Não menos importante, resta estar intrínseco ao projeto a obrigatoriedade de instalação, pela parte estadunidense, de um Centro de Pesquisa Espacial na região, instituto de conhecimento a ser operado e gerido por brasileiros e estadunidenses e financiada sua manutenção e custeio, após início das operações, com rubricas binacionais, e depois pelos resultados do próprio negócio. Trata-se de contrapartida importante a ser atribuída aos parceiros pelo uso da privilegiada área.

As condições deste projeto estão lançadas. Podem ser boas para população local, para o Estado e para o País, ou, na contramão, a repetição do embuste tentado com o Acordo frustrado de 2000.

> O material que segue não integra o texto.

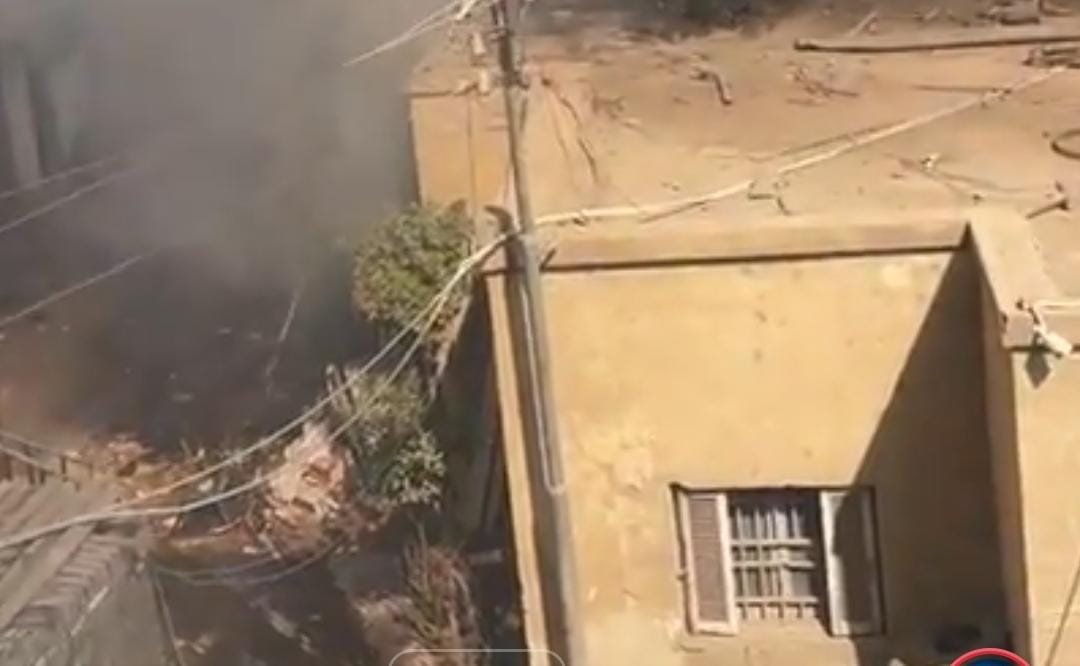 حريق هائل يشتعل بمخازن مجلس مدينة بنها.. والحماية المدنية تواصل السيطرة 1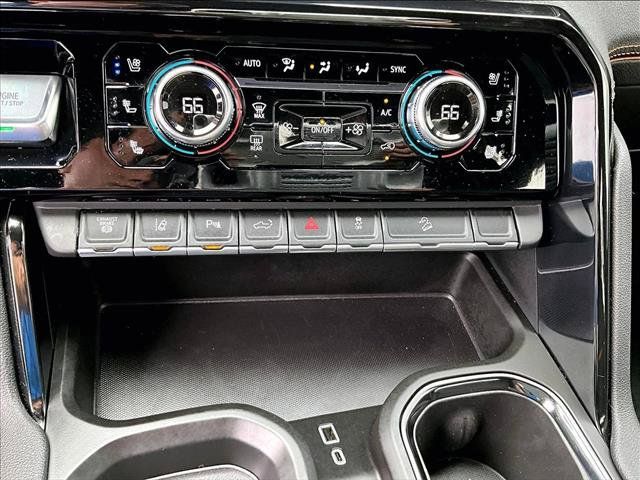 Used 2025 GMC Sierra 2500 AT4 w/ AT4 Premium Plus Package AWD/4WD image 24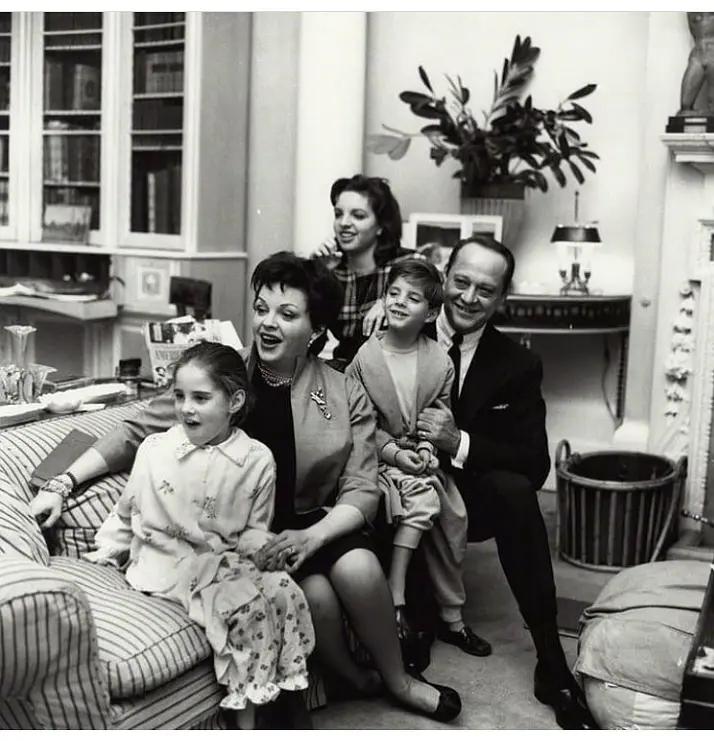 绿野仙踪|朱迪·嘉兰：因《绿野仙踪》成名，5段不幸婚姻，47岁死在浴室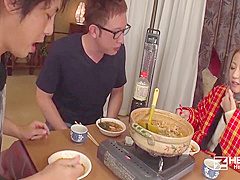 汗たく液たく汁たくセックスアツアツ美女をイタタキます - 井上英李 2 12 Min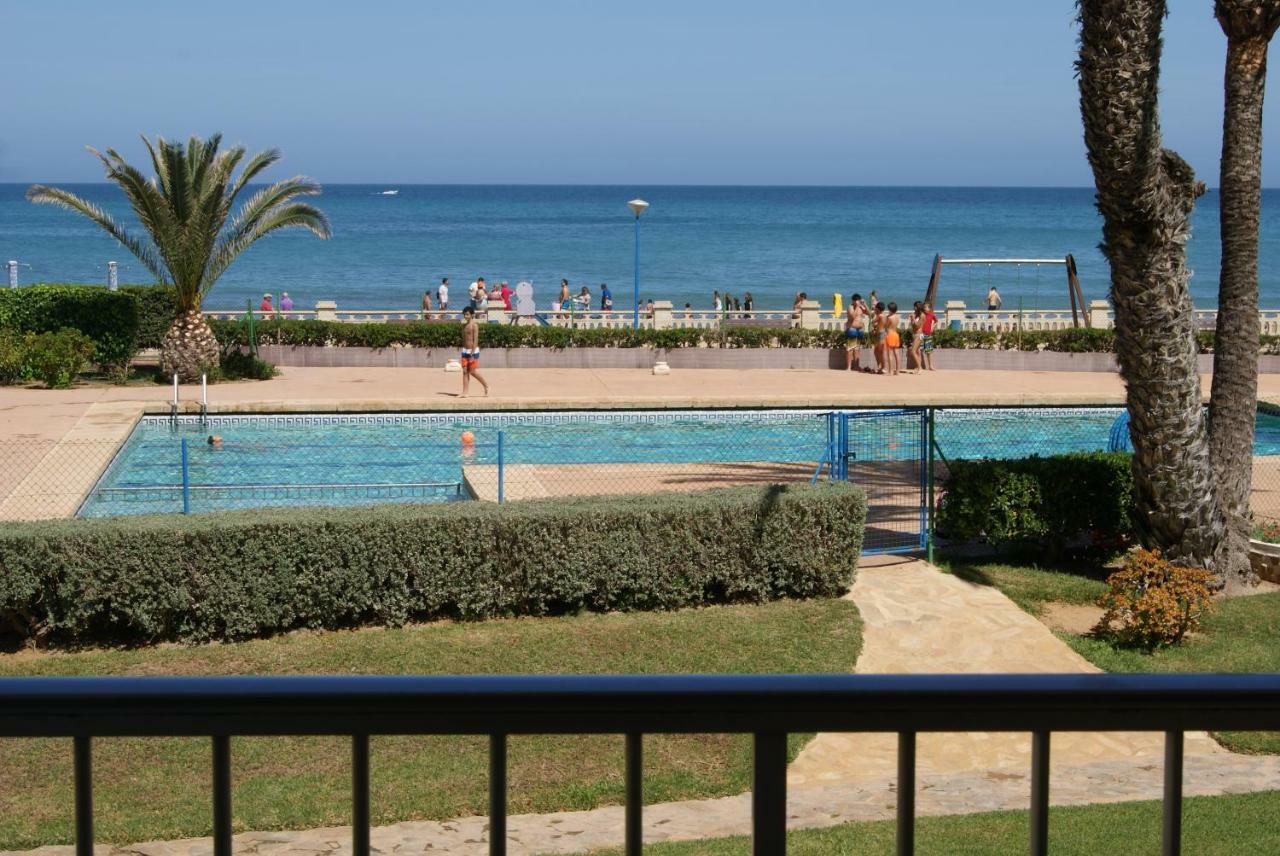 Apartamento Primera Linea De Mar Denia Exterior photo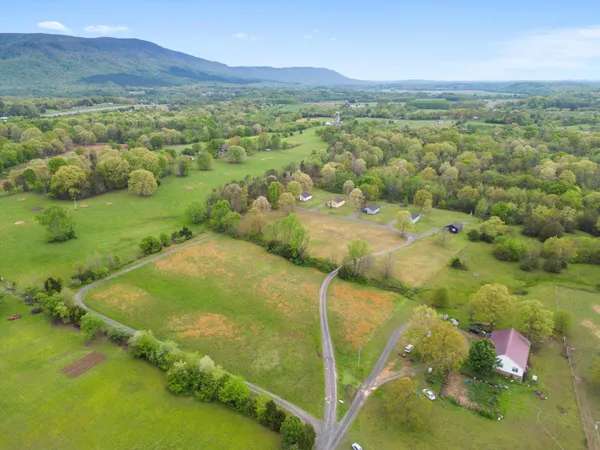 $1,200,000 | 142 Bowater Road, Delano, TN 37325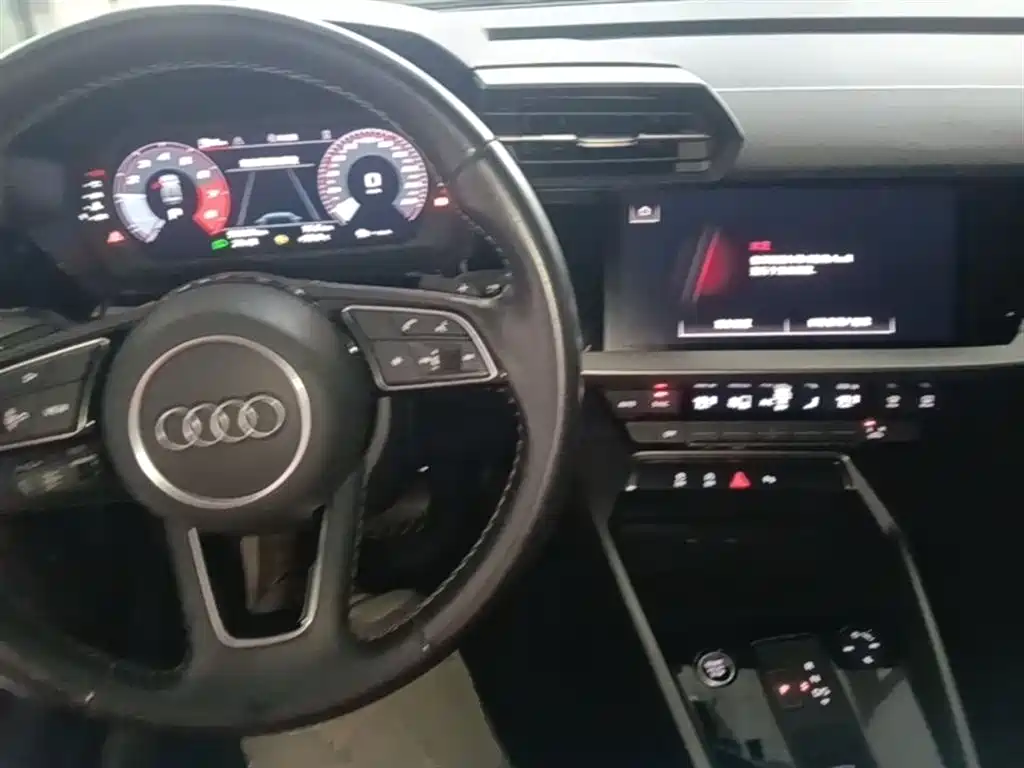 Audi A3 2023 — фото 10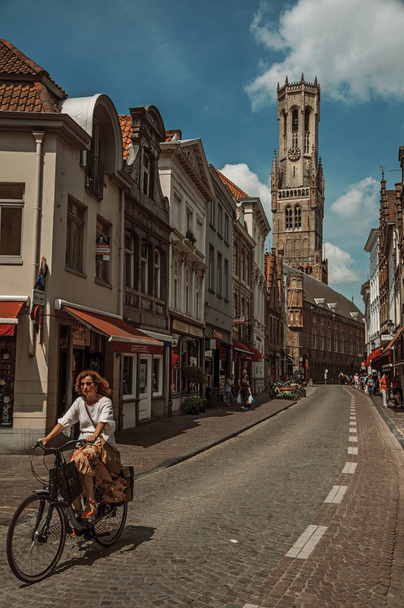 Mensen rijden fietsen in het centrum van Brugge - Foto, afbeelding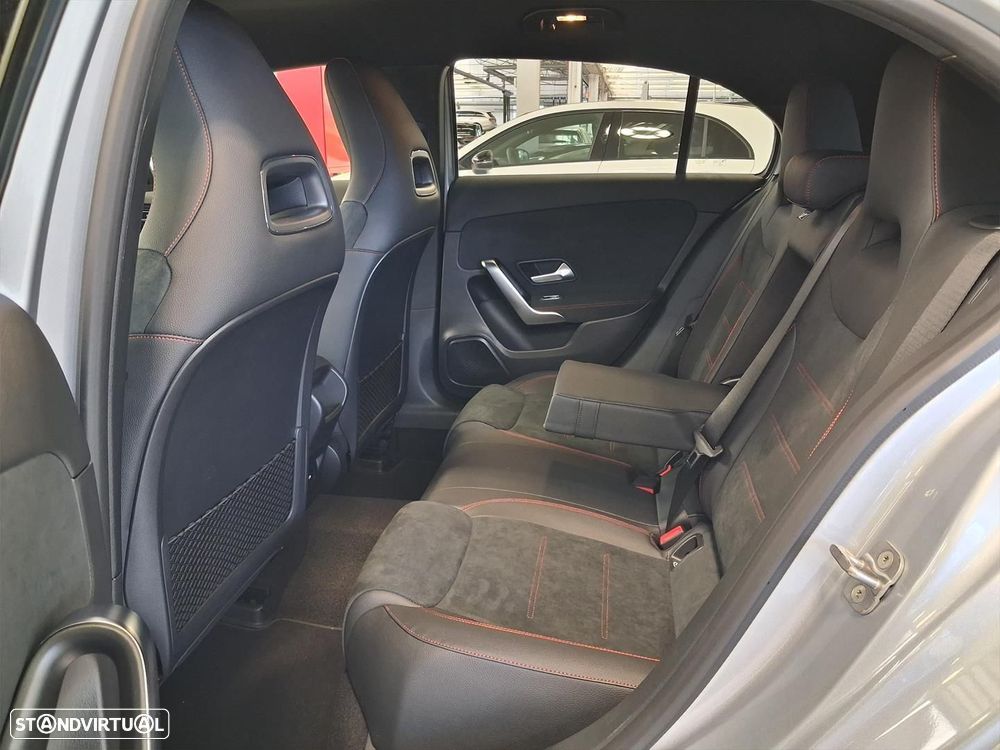 Mercedes-Benz A 180 d - 12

As listas de produtos negociados (trânsito de pessoas, tecnologia, população quilombola, infraestrutura na cidade de Alcântara, conhecimento compartilhado, instalação de centro de pesquisa, aplicação dos recursos gerados e as próprias salvaguardas tecnológicas reservadas aos detentores da base do conhecimento e patentes, quais sejam os estadunidenses), assim como com as respectivas concessões outorgadas por cada um dos parceiros é que vão definir o resultado, para bem ou para o mal.

ANÁLISE CRÍTICA:

Sem muitas novidades, CT&I concentra nossas discussões do mês sobre dois assuntos: 1) a assinatura de um draft, um rascunho desconhecido, do AST, por Brasil e Estados Unidos sobre a utilização da Base de Alcântara para lançadores de aparelhos espaciais; e 2) como exemplo e demonstração, inobstante período curto, do processo contínuo de redução, a execução orçamentária da Pasta, no período de janeiro e fevereiro de 2019, frente ao mesmo período de 2010.

Sobre Alcântara depositamos esperança de que as partes tenham proposto um Acordo pautado pelo equilíbrio nos produtos, negócios e formato de realização. O descompasso, privilegiando a parte norte-americana poderá fazer naufragar, novamente, o projeto, já no Congresso Nacional.

Sobre o orçamento, um horrenda constatação. Sua desidratação, nos últimos cinco anos, notadamente, vem provocando um acelerado desemprego na classe que mais representa e traz resultados para CT&I de qualquer país: mestres e doutores. Segundo pesquisa do Centro de Estudos Estratégicos (CGEE), Organização Social do MCTI(C), enquanto a taxa de desocupação de mestres e doutores gira em torno de 2% no mundo, no Brasil o desemprego destes chega, em média, a 25%. Tomados somente mestres o percentual chega a 35%. Na forma expressa pelo professor Silvio Meira, da UFPE, “o Brasil está formando mestres e doutores para o desemprego”.